Definitely impressive in their own right, the scholars are honored with awards from Columbia University, the George Washington University, Howard University, Northwestern University, Ohio University, the University of California at Berkeley, the University of Maryland, and the University of Missouri. Here's a quick rundown of just some of the WHCA's scholarship winners:
- Columbia's pick, Palestinian Syrian journalist Riham Alkousaa will bring her extensive knowledge to the university, as her work has been featured in multiple widely-read international and U.S. publications.
- Teniola Ayomide Ayoola, a U.S. citizen originally from Nigeria, has held multiple internships with the BBC, thus earning her the award from George Washington.
- Anthony B. Brown, Beryl C. Kessio, and Merdie Nzanga all received scholarships from Howard; Kessio's work has been informed by her Kenyan heritage (having been a staff writer at the Morocco World News in Rabat) and Brown's beat extends vastly, from television and pop culture to the Flint water crisis. Nzanga "is a member of the National Association of Black Journalists, gaining experience in research, writing, video editing, reporting and interviewing," according to the WHCA.

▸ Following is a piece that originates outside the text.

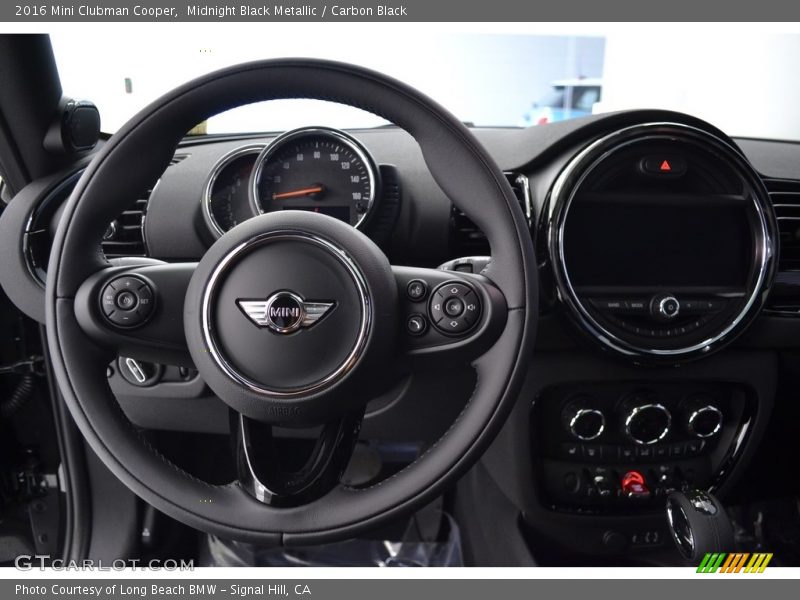 Midnight Black Metallic / Carbon Black 2016 Mini Clubman Cooper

- Nia Prater and Maryam Salah of Tampa are both national and international political journalists and winners of Northwestern's scholarship. Prater has reported on "the 2017 inauguration, the Women's March, and President Trump's address to a joint session of Congress," and Salah "has reported on Syrian conflicts, Chicago's Syrian refugee population and community perspectives on the 2016 political campaigns." Alejandro (Alex) Ortiz was also awarded by Northwestern for his work emphasizing on social justice and investigative reporting.
- Ohioans Megan Henry, Catherine (Cat) Hofacker and Marisa Fernandez are all highly-involved student journalists who've earned awards from Ohio University. Henry is a staff member at the independent newspaper, The Post; Hofacker is the editor-in-chief of The New Political; and Fernandez is also a senior writer at The Post, where she "was instrumental in helping create the Scripps Hispanic Network."
- For UC Berkeley, Sawsan Morrar is looking to analyze public policy and its lasting effects, having spent a hefty amount of time steeped within her local community.
- Becca King "is representing the winners of the Frank Cormier scholarship, a $20,000 award that is divided among 4 students at the Philip Merrill College of Journalism." She is "a general production intern for WJLA-TV in Washington as well as production crew chief and director for Capitol News Service's Maryland Newsline."
- According to the WHCA, the University of Missouri also gave awards to 10 students, including "Adam Aton of Alpharetta, Georgia; Jinghong Chen of Tianjin, China; Brittany Crocker of Knoxville, Tennessee; Ye Han (Jasmine) of Suzhou, China; Kasia Kovacs of Mountain Grove, Missouri; Molly Olmstead of Gulf Shores, Alabama; Jill Ornitz of Trumbull, Connecticut; Kouichi Shirayanagi of San Mateo, California; Francisco Vara-Orta of San Antonio, Texas; Xuejiao Wang of Qinhuangdao, China."
Though it might have been forgotten amid all the unruliness and uncertainty of this year's WHCD, the actual aim of the dinner is to raise money for the aforementioned scholars and scholarships. What's more, the "events built around the dinner allow collegiate scholarship winners to ask questions of seasoned members of the White House press corps," Chief White House Correspondent Major Garrett said, thus allowing the students to learn "from some of the best about how they might be better reporters, storytellers and writers."
It's easy to focus on the controversy, but, at its core, the WHCD is about the future of the First Amendment — a future that the WHCA scholars will, through their diligence and hard work, keep protected and safe.